* Exercise instructions *
Take the records below and set down exactly the lines from the one with "Super Bright Long" to the one with "Bakıda akrobatika gimnastikası", ends included; do not copy the pictures.

* Data extract *
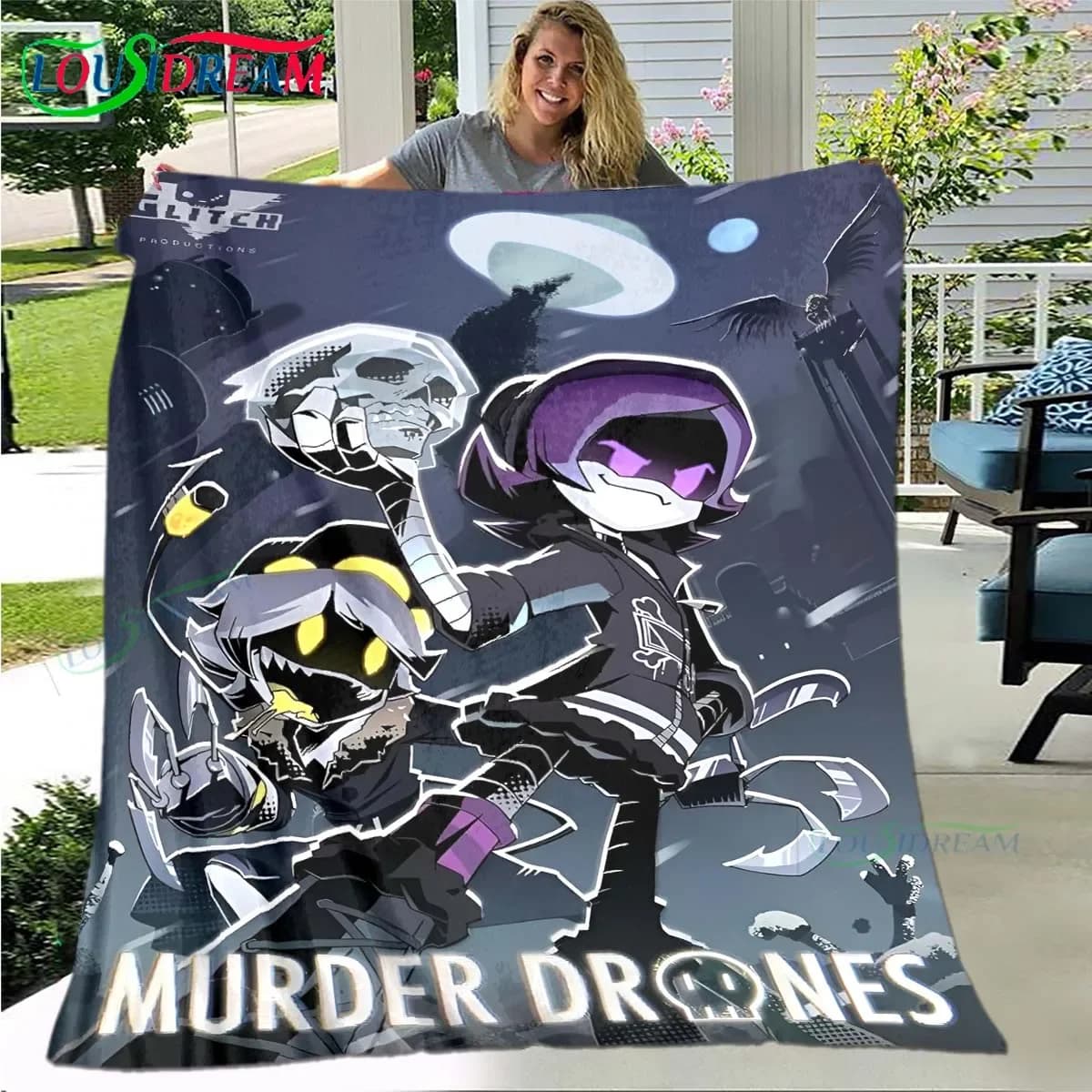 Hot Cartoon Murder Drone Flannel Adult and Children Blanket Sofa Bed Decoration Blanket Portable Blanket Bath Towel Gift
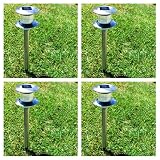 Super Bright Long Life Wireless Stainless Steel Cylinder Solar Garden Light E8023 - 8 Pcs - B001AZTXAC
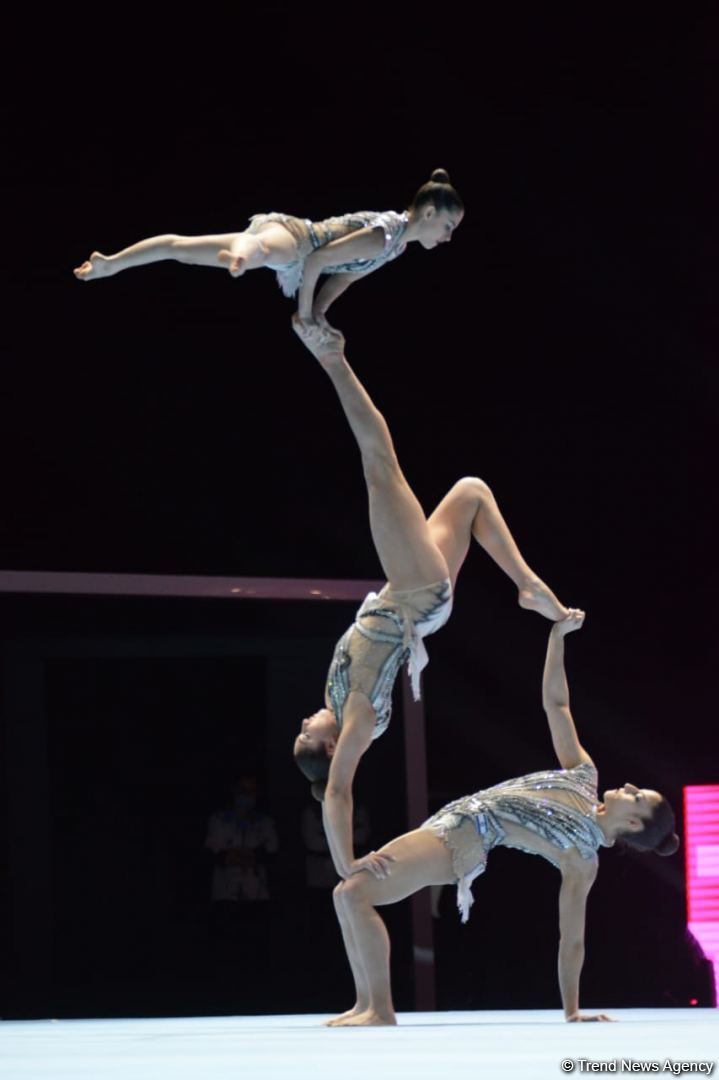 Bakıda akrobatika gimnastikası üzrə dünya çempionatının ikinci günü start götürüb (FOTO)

--

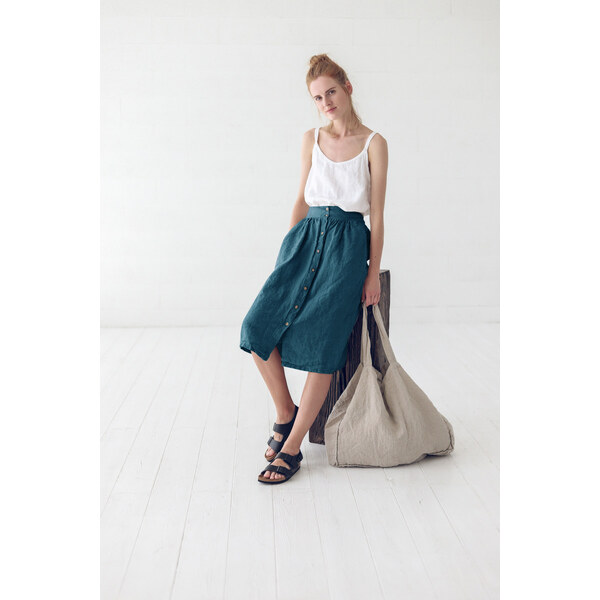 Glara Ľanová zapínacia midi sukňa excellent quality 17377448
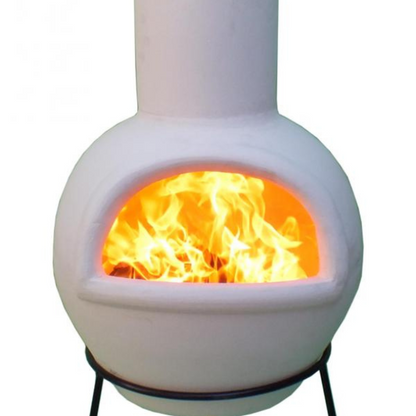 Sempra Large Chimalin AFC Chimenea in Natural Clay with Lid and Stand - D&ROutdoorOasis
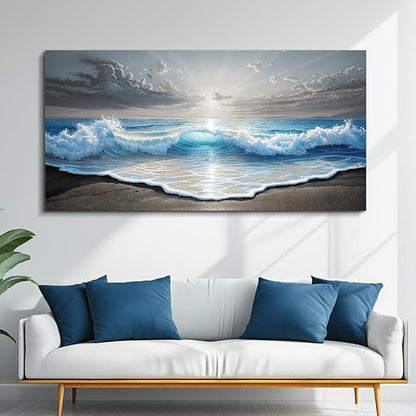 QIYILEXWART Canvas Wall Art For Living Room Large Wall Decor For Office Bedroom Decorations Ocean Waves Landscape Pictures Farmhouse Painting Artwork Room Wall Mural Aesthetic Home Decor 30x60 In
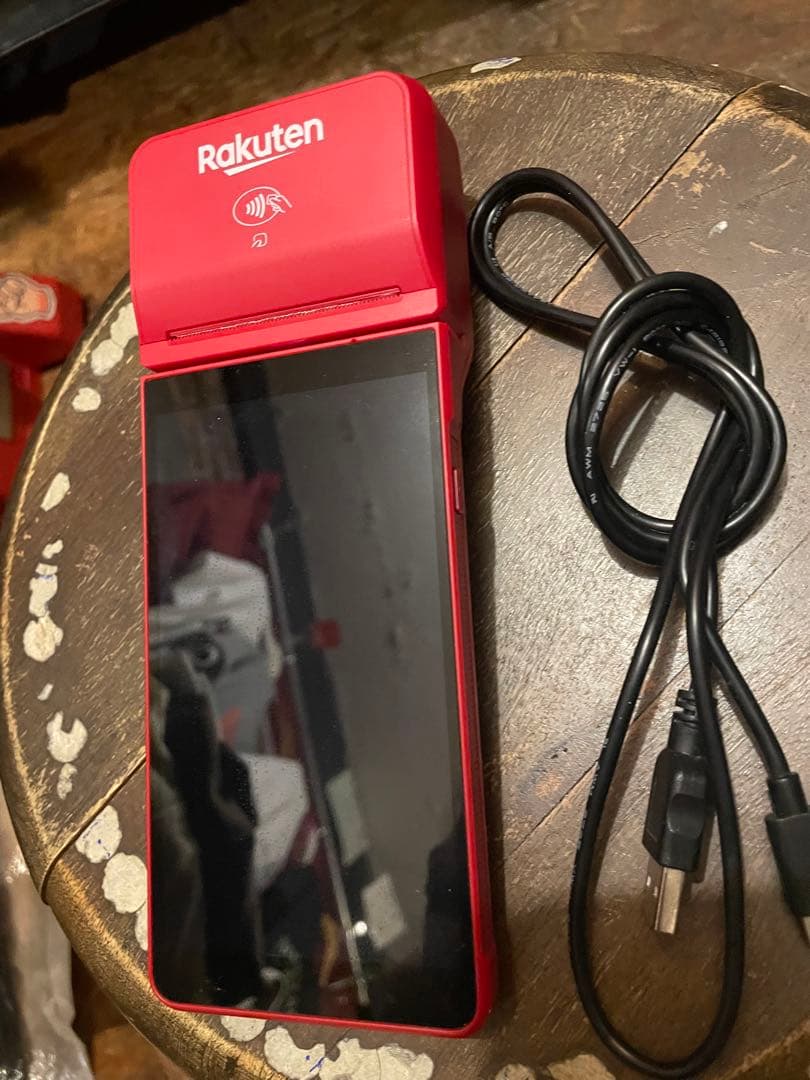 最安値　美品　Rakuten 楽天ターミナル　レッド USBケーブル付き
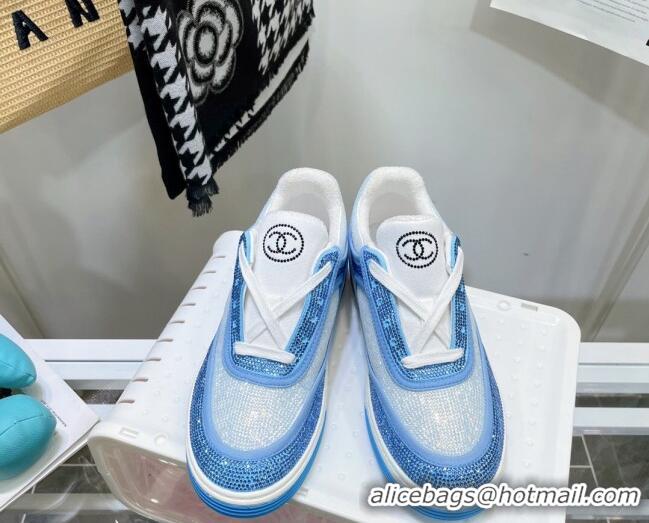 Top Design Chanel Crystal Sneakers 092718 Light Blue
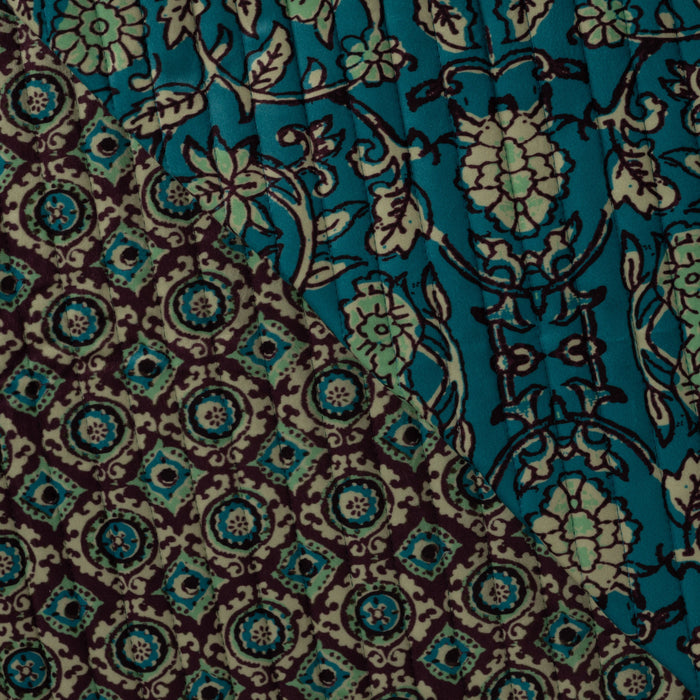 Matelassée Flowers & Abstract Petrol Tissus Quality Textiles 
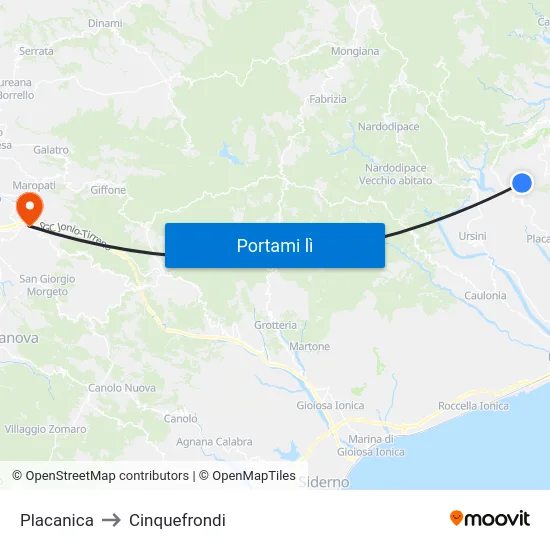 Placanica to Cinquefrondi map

==

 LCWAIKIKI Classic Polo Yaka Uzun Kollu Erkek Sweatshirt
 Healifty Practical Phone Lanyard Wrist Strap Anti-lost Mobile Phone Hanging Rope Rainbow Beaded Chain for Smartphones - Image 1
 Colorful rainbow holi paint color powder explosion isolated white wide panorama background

* Answer to this task *
 Super Bright Long Life Wireless Stainless Steel Cylinder Solar Garden Light E8023 - 8 Pcs - B001AZTXAC
 Bakıda akrobatika gimnastikası üzrə dünya çempionatının ikinci günü start götürüb (FOTO)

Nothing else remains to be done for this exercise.